И вот она уже в коридоре, дыхание колотится о корсет, взгляда никак не оторвать от пыльного пола. Темнеет, камин в гостиной почти прогорел, но лицо у нее пылает. Ей дурно. Она прислоняется к стене, которая холодит ей плечо даже сквозь жакетку и блузку. Она думает: наверное, Эдит права – точнее, может быть, она не так уж и не права, как казалось Алли там, в гостиной. Даже с клятвой Гиппократа на устах мы раним людей – раним, чтобы врачевать. Мама верила, искренне верила, что Алли нужна боль, нужна обязательно, что только болью можно было исцелить и разум Алли, и ее душу. Ну и пусть, что мама – как теперь начинает понимать Алли – причиняла другим боль, потому что у нее были на то свои мотивы. Сейчас Алли уже не может сказать, что сожалеет об этой боли, что ей бы хотелось, чтобы мама вырастила ее в тупом довольстве, безо всяких устремлений, без самодисциплины. Эдит права: мы прикрываемся моральным императивом, чтобы оправдать страдания, которые мы приносим людям. Но страдания иногда необходимы, а значит, причинять страдания тоже нужно. Алли кажется, что на этом и основано все человеческое существование, самой своей жизнью мы увечим других людей, и делать вид, что это не так, – значит расписываться в собственной слепоте. Каждый из нас – каждая живая душа – это чья-то боль. Наша единственная надежда – и на то, чтобы спастись, и на то, чтобы вылечиться, и именно это, думает она, маме и не под силу – признать, что мы причиняем людям боль. И жить с этим. Эдит права, что хочет оставить медицину. Ей хочется быть идеальной, хочется не пачкать рук, быть святее всех, а из таких людей выходят опасные целители. Цель, целитель, целый – Обри как-то говорил, что это все одно и то же слово.

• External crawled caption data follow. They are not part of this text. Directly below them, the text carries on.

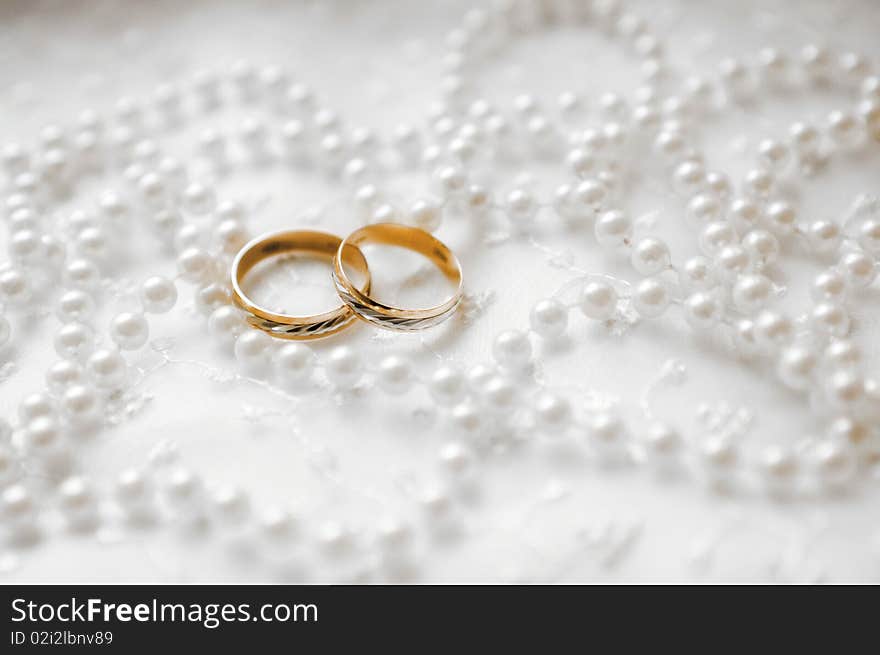 Two wedding rings on white background with beads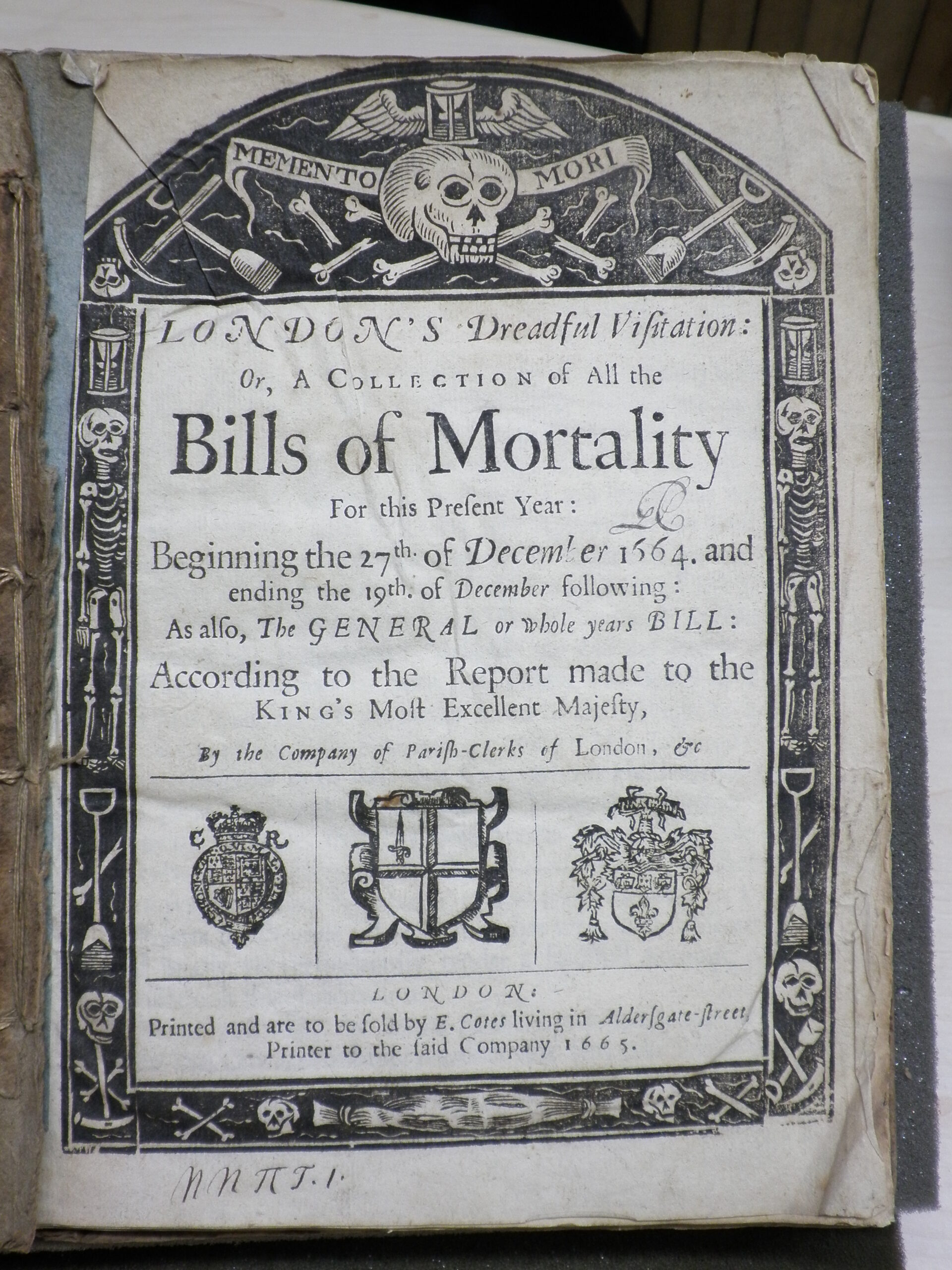 Title page of the Bills of Mortality with a morbid woodcut border.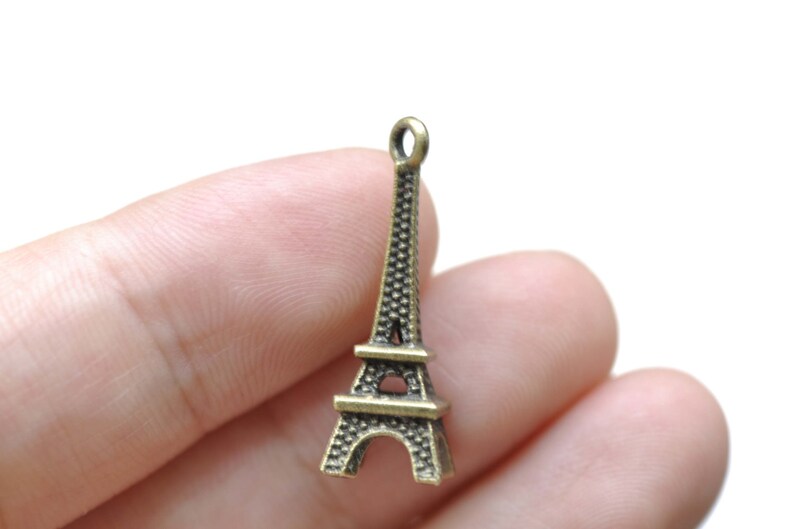 May include: A bronze-colored Eiffel Tower charm with a loop at the top for attaching to a necklace or bracelet.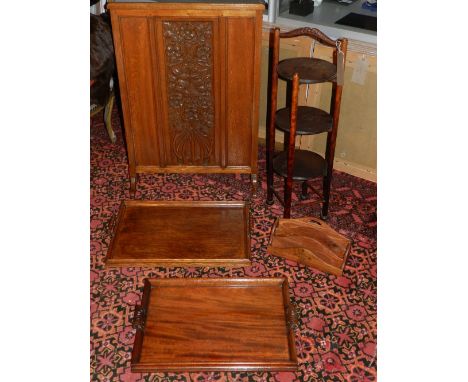 A three tier oak cake stand, together with a carved oak firescreen, two trays, and a letter rack. 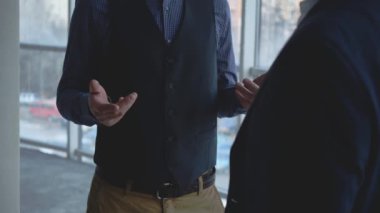 Crop. Male business workers are discussing issues. Copy space. Men are shaking hands. Successful agreement. Blurred background. Close up. 4K.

Но целых людей не бывает. Целители – не целые. У Алли перехватывает дыхание. Этими мыслями она словно вспарывает себе кожу, смотрит на спрятанные под мускулами влажно поблескивающие внутренние органы.
Снова отворяется дверь, полоска света прыгает на пол, на стены, а в ней – тень Анни. Анни вздрагивает:
– Алли! А я-то думала, ты хлопнула дверью и ушла в ночь. Ты нас всех прямо сразила.
Алли ежится.
– Не надо. Анни, мне нехорошо. Лихорадит что-то.

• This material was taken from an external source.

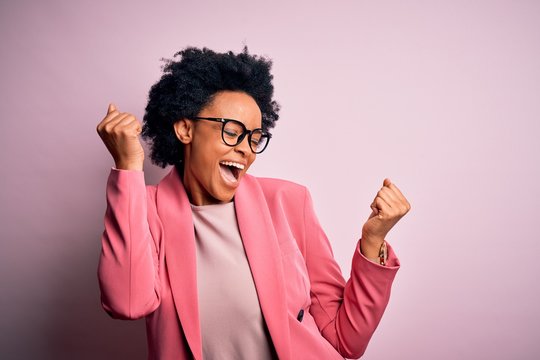 Young beautiful African American afro businesswoman with curly hair wearing pink jacket Dancing happy and cheerful, smiling moving casual and confident listening to music
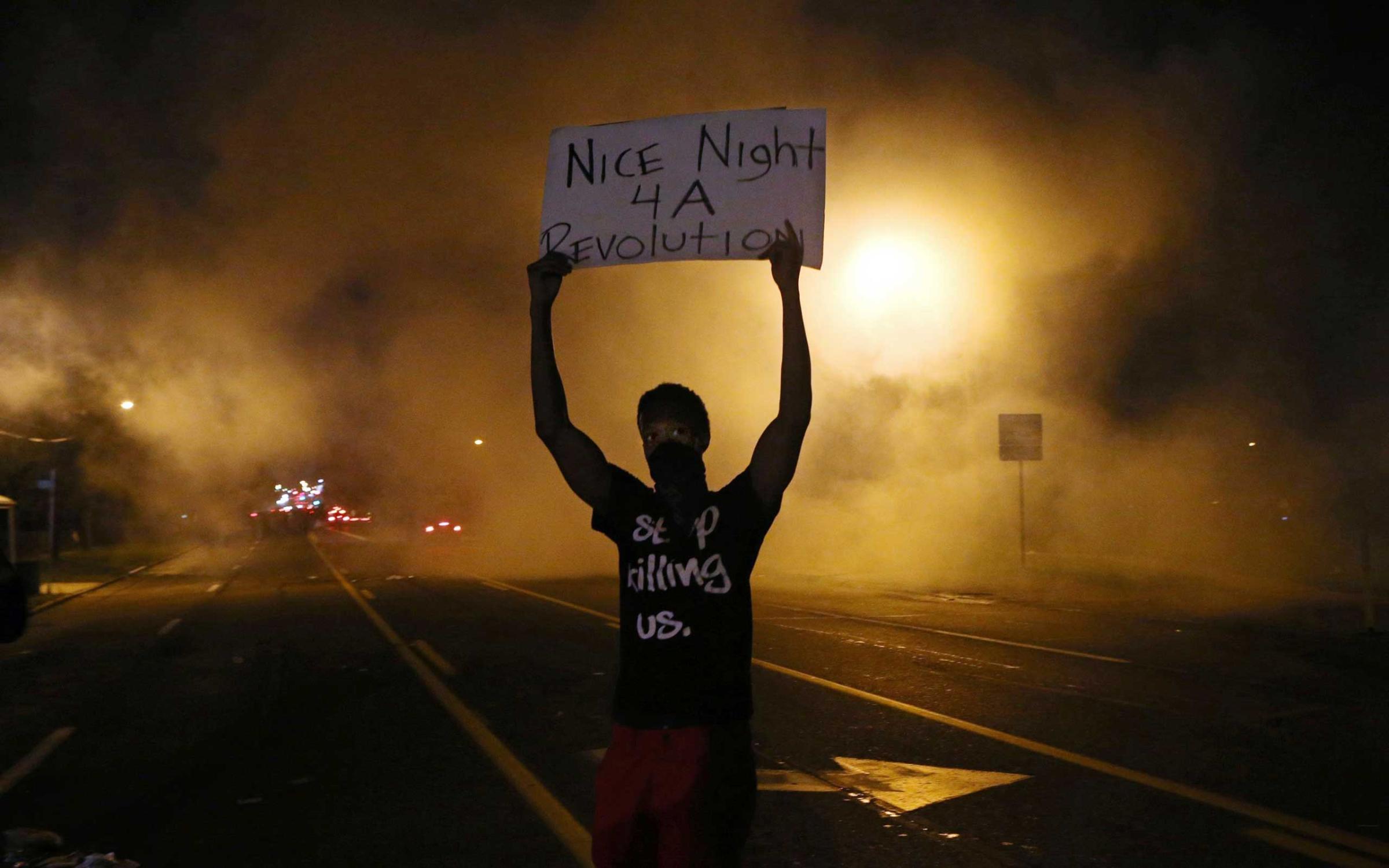 Aug. 17, 2014. A protester holds a sign towards the police after they shoot tear gas on W. Florissant in Ferguson. The protesters were throwing rocks and bottles towards the police.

Анни кладет ладонь ей на лоб:
– Горячий. Болит что-то?
Алли качает головой:
– Просто… нехорошо. Знобит.
– Может, это нервное, – бодро говорит Анни. – Перевозбудилась, вот и все. От высоких идеалов подскочила температура. Прописываю энергичную прогулку и тихий вечер в умиротворяющей обстановке. Пойдем к нам домой?
Алли кажется, будто она заледенела, примерзла к стене. Что-то распутывается у нее в голове, что-то, что прежде свивалось тугими кольцами. Целители – не целые. Целителям не нужно быть целыми, потому что целость, целокупность – не человеческие качества. Величайший дар человечества есть любовь, а не разум – обычно она предпочитает других пророков апостолу Павлу
[34], но теперь ей впервые кажется, что так оно и есть, – и мама, которая столько времени проводит в церкви, этого не знает. Если она выучится на врача – а она выучится на врача, – она будет врачом-подранком, и ее собственная боль станет такой же частью ее ремесла, как и ее целительство. Она будет врачом, который видит свои раны и не прячется от них. Она мотает головой, ей хочется, чтобы Анни ушла, чтобы не видела ее позорной слабости, но еще хочется, чтобы она осталась и помогла ей собраться с силами. Дрожь начинается в плечах, расползается к голове, к ребрам. Нервозность. Истерия. Или простая человеческая слабость?